Le Combat des Trente - In 2100, geopolitical and environmental cataclysms have turned Paris into a forest occupied with ruined monuments and wild beasts. Commandés and Assassins challenge each other in the heart of a former thirteenth arrondissement. This chronicle of an Europe back to middle age revisits an episode of the Hundred Years War, the tournament between the fortresses of Josselin and Ploërmel.
Viola d'Amor - Written in the style of a 18th century narrative – the one of freedom! – this 'exercice de style' tells the erotic adventure of Tristano, who plays viola d'amore, and was sent to a village in the Italian Alps with a mission to accompany the last moments of a local tyrant.
Motifs - Collage of texts and images about the question that André Breton used as an incipit in his Nadja: “Who am I?”
Rimbaldo - In 1880, in Aden, a group photo was taken on the terrace of the Hôtel de l'Univers.
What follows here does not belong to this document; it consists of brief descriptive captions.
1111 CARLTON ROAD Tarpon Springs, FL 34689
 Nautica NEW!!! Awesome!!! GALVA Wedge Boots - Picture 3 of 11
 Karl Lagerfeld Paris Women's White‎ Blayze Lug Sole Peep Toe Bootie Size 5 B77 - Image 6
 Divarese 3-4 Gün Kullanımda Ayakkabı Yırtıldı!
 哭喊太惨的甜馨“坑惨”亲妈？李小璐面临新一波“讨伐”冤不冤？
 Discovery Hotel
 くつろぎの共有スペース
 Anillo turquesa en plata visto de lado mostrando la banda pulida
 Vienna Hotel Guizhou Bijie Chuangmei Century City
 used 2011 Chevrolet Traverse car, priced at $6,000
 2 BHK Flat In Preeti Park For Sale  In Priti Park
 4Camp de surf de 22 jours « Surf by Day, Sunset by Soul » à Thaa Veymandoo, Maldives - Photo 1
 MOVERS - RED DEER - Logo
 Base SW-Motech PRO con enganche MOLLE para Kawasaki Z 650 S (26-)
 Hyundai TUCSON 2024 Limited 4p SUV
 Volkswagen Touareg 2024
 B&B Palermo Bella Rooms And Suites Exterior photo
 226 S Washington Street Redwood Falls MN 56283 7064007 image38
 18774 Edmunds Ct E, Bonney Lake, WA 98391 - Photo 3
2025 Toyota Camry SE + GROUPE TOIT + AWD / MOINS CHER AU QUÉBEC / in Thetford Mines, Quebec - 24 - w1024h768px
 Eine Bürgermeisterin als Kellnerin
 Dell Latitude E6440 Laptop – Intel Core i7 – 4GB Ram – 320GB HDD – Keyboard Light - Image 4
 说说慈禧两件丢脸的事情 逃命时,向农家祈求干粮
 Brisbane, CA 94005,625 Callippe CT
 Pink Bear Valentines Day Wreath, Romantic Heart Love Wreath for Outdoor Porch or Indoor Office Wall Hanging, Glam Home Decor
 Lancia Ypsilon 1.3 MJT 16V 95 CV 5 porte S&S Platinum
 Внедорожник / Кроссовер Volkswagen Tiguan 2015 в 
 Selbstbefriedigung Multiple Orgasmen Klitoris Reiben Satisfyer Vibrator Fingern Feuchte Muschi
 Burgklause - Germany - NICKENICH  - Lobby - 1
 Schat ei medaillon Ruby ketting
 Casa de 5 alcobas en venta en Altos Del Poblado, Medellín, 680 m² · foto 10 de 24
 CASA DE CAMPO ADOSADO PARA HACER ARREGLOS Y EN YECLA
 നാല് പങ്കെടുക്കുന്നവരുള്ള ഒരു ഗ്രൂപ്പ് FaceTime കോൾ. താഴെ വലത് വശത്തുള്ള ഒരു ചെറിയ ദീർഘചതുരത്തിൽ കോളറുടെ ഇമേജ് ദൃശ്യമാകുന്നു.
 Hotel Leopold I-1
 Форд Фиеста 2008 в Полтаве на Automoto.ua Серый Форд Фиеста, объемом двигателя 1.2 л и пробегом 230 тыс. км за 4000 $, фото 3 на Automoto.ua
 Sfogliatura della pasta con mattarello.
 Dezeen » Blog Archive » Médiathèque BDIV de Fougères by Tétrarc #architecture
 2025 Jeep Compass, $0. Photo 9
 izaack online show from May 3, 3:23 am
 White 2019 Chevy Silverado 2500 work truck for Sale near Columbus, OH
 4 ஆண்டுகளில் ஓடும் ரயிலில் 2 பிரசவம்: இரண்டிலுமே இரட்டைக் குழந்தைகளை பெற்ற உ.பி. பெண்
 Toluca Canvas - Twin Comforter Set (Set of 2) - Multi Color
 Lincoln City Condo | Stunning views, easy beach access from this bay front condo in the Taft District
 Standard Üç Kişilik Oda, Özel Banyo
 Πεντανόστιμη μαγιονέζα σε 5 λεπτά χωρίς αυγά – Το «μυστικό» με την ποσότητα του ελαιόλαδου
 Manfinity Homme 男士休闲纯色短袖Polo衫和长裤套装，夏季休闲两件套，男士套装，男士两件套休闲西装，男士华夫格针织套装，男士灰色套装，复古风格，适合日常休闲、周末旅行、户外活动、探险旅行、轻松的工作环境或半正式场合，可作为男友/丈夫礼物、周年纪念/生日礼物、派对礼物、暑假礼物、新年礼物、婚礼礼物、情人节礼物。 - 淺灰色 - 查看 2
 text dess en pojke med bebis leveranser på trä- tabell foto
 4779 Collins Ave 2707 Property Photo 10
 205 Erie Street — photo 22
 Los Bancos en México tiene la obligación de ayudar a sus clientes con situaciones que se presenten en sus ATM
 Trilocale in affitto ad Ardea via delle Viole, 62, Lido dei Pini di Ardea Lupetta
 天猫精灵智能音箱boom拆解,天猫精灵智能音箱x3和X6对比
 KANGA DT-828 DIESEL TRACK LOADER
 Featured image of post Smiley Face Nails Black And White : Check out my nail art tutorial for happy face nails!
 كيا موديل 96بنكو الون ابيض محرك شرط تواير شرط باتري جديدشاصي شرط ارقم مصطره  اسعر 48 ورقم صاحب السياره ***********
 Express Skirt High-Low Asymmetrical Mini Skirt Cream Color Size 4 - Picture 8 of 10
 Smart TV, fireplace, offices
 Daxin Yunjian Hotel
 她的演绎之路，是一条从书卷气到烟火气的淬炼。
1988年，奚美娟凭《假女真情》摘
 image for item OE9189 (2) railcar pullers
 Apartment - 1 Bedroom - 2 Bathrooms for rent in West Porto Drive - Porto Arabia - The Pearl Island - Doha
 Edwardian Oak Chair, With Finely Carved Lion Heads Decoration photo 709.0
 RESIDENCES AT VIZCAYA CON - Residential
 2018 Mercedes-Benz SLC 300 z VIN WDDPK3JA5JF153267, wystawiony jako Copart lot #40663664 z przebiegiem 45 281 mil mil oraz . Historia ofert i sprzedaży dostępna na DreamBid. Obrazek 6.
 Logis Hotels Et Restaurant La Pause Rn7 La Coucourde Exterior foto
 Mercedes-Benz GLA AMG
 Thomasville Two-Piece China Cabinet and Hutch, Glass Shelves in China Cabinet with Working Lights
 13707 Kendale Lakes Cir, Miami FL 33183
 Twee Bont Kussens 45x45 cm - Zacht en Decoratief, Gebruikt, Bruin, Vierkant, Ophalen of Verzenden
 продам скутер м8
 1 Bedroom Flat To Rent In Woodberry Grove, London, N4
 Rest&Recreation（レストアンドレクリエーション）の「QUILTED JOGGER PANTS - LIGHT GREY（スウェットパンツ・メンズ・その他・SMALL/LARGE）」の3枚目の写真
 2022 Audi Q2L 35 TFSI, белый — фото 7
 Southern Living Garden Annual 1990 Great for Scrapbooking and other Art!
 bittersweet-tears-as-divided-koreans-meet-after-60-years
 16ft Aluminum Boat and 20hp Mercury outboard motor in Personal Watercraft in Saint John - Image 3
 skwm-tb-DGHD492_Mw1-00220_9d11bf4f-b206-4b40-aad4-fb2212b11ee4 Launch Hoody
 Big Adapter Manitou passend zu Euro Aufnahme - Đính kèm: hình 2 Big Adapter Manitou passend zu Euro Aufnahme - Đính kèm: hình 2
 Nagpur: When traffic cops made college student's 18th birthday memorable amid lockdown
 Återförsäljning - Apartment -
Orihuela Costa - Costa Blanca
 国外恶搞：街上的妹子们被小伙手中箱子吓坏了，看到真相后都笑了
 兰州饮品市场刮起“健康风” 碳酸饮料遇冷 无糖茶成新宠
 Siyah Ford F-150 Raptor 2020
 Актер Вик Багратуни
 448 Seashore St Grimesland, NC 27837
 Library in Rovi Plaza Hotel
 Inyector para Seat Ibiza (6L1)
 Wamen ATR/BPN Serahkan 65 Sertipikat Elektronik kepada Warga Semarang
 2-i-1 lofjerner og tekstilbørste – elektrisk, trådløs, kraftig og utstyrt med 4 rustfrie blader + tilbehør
One of the characters appearing on the picture is none other than the poet Arthur Rimbaud – the poet or ex-poet since he gave up writing to seek his fortune in Abyssinia.
J'aimerai André Breton - In September 1966, the surrealist writer André Breton ends his summer vacation in Saint-Cirq-Lapopie, when he receives a visit from a young woman named Chance. As a person who flees the male domination, she will make of her meeting with the ‘pope’ of surrealism the first step on the path to a mystic conversion. For Mohammed Aissaoui (Le Figaro Littéraire), ‘one understand, or would like to understand, that sacred, mystic and solitude are roads to freedom’.